## About this exercise
Each line of the data below must be reproduced without any change.

[[ Data records open ]]

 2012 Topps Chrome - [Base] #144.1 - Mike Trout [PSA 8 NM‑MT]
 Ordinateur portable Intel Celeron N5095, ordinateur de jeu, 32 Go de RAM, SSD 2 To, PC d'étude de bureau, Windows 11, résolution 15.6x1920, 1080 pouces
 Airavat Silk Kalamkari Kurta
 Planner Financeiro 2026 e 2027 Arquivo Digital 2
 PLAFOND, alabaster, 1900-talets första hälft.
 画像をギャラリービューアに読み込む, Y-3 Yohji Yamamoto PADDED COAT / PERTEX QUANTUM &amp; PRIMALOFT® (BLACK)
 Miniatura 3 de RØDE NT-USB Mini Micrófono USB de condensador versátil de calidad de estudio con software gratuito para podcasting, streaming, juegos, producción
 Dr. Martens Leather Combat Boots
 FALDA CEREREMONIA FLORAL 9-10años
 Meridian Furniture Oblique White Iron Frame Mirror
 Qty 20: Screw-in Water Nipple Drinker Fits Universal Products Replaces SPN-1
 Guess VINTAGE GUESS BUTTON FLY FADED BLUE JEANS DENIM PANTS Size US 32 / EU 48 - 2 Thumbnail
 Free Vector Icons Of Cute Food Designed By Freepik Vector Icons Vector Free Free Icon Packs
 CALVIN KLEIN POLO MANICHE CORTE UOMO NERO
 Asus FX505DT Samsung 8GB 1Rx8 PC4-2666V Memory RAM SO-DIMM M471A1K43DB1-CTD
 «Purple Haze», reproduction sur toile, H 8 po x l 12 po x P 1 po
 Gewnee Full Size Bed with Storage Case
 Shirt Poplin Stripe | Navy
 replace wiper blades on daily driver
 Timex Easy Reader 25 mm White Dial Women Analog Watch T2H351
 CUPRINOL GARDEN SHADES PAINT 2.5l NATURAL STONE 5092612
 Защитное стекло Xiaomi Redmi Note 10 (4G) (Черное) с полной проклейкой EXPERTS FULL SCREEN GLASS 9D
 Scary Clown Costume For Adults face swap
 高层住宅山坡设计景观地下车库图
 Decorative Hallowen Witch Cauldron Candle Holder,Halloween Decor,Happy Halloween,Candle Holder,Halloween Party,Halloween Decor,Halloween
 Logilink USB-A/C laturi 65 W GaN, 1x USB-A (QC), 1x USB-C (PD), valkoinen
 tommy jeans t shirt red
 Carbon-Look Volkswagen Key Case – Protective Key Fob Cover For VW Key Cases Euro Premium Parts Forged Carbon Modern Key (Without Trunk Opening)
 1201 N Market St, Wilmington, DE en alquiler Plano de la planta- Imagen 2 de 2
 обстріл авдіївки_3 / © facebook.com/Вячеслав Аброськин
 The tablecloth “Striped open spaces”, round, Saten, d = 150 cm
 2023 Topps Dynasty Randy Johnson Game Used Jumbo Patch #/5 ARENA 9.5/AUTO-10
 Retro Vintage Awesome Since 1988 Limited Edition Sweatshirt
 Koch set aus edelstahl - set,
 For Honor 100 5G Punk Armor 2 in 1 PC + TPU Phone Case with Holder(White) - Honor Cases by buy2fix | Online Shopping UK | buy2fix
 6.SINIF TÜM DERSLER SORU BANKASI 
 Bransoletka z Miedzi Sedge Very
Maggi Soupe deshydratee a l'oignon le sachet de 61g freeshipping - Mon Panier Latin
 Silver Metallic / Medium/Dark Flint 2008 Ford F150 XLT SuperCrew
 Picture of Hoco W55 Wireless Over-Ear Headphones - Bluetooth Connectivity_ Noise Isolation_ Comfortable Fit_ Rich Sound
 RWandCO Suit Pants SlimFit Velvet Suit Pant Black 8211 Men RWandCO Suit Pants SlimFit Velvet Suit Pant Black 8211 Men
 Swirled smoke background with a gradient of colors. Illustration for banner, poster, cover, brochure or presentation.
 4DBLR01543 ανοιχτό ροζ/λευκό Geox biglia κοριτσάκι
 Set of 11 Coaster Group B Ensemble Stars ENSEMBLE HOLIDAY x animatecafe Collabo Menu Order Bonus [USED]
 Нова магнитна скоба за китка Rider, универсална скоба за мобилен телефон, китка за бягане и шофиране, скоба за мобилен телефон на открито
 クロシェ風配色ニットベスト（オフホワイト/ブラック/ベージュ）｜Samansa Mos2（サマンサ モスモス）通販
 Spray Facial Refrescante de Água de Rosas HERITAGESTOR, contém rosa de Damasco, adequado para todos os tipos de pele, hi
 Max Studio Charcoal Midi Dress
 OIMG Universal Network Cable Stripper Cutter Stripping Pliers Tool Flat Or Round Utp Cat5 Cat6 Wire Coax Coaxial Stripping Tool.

[[ Data records closed ]]

## Answer space
 2012 Topps Chrome - [Base] #144.1 - Mike Trout [PSA 8 NM‑MT]
 Ordinateur portable Intel Celeron N5095, ordinateur de jeu, 32 Go de RAM, SSD 2 To, PC d'étude de bureau, Windows 11, résolution 15.6x1920, 1080 pouces
 Airavat Silk Kalamkari Kurta
 Planner Financeiro 2026 e 2027 Arquivo Digital 2
 PLAFOND, alabaster, 1900-talets första hälft.
 画像をギャラリービューアに読み込む, Y-3 Yohji Yamamoto PADDED COAT / PERTEX QUANTUM &amp; PRIMALOFT® (BLACK)
 Miniatura 3 de RØDE NT-USB Mini Micrófono USB de condensador versátil de calidad de estudio con software gratuito para podcasting, streaming, juegos, producción
 Dr. Martens Leather Combat Boots
 FALDA CEREREMONIA FLORAL 9-10años
 Meridian Furniture Oblique White Iron Frame Mirror
 Qty 20: Screw-in Water Nipple Drinker Fits Universal Products Replaces SPN-1
 Guess VINTAGE GUESS BUTTON FLY FADED BLUE JEANS DENIM PANTS Size US 32 / EU 48 - 2 Thumbnail
 Free Vector Icons Of Cute Food Designed By Freepik Vector Icons Vector Free Free Icon Packs
 CALVIN KLEIN POLO MANICHE CORTE UOMO NERO
 Asus FX505DT Samsung 8GB 1Rx8 PC4-2666V Memory RAM SO-DIMM M471A1K43DB1-CTD
 «Purple Haze», reproduction sur toile, H 8 po x l 12 po x P 1 po
 Gewnee Full Size Bed with Storage Case
 Shirt Poplin Stripe | Navy
 replace wiper blades on daily driver
 Timex Easy Reader 25 mm White Dial Women Analog Watch T2H351
 CUPRINOL GARDEN SHADES PAINT 2.5l NATURAL STONE 5092612
 Защитное стекло Xiaomi Redmi Note 10 (4G) (Черное) с полной проклейкой EXPERTS FULL SCREEN GLASS 9D
 Scary Clown Costume For Adults face swap
 高层住宅山坡设计景观地下车库图
 Decorative Hallowen Witch Cauldron Candle Holder,Halloween Decor,Happy Halloween,Candle Holder,Halloween Party,Halloween Decor,Halloween
 Logilink USB-A/C laturi 65 W GaN, 1x USB-A (QC), 1x USB-C (PD), valkoinen
 tommy jeans t shirt red
 Carbon-Look Volkswagen Key Case – Protective Key Fob Cover For VW Key Cases Euro Premium Parts Forged Carbon Modern Key (Without Trunk Opening)
 1201 N Market St, Wilmington, DE en alquiler Plano de la planta- Imagen 2 de 2
 обстріл авдіївки_3 / © facebook.com/Вячеслав Аброськин
 The tablecloth “Striped open spaces”, round, Saten, d = 150 cm
 2023 Topps Dynasty Randy Johnson Game Used Jumbo Patch #/5 ARENA 9.5/AUTO-10
 Retro Vintage Awesome Since 1988 Limited Edition Sweatshirt
 Koch set aus edelstahl - set,
 For Honor 100 5G Punk Armor 2 in 1 PC + TPU Phone Case with Holder(White) - Honor Cases by buy2fix | Online Shopping UK | buy2fix
 6.SINIF TÜM DERSLER SORU BANKASI 
 Bransoletka z Miedzi Sedge Very
Maggi Soupe deshydratee a l'oignon le sachet de 61g freeshipping - Mon Panier Latin
 Silver Metallic / Medium/Dark Flint 2008 Ford F150 XLT SuperCrew
 Picture of Hoco W55 Wireless Over-Ear Headphones - Bluetooth Connectivity_ Noise Isolation_ Comfortable Fit_ Rich Sound
 RWandCO Suit Pants SlimFit Velvet Suit Pant Black 8211 Men RWandCO Suit Pants SlimFit Velvet Suit Pant Black 8211 Men
 Swirled smoke background with a gradient of colors. Illustration for banner, poster, cover, brochure or presentation.
 4DBLR01543 ανοιχτό ροζ/λευκό Geox biglia κοριτσάκι
 Set of 11 Coaster Group B Ensemble Stars ENSEMBLE HOLIDAY x animatecafe Collabo Menu Order Bonus [USED]
 Нова магнитна скоба за китка Rider, универсална скоба за мобилен телефон, китка за бягане и шофиране, скоба за мобилен телефон на открито
 クロシェ風配色ニットベスト（オフホワイト/ブラック/ベージュ）｜Samansa Mos2（サマンサ モスモス）通販
 Spray Facial Refrescante de Água de Rosas HERITAGESTOR, contém rosa de Damasco, adequado para todos os tipos de pele, hi
 Max Studio Charcoal Midi Dress
 OIMG Universal Network Cable Stripper Cutter Stripping Pliers Tool Flat Or Round Utp Cat5 Cat6 Wire Coax Coaxial Stripping Tool.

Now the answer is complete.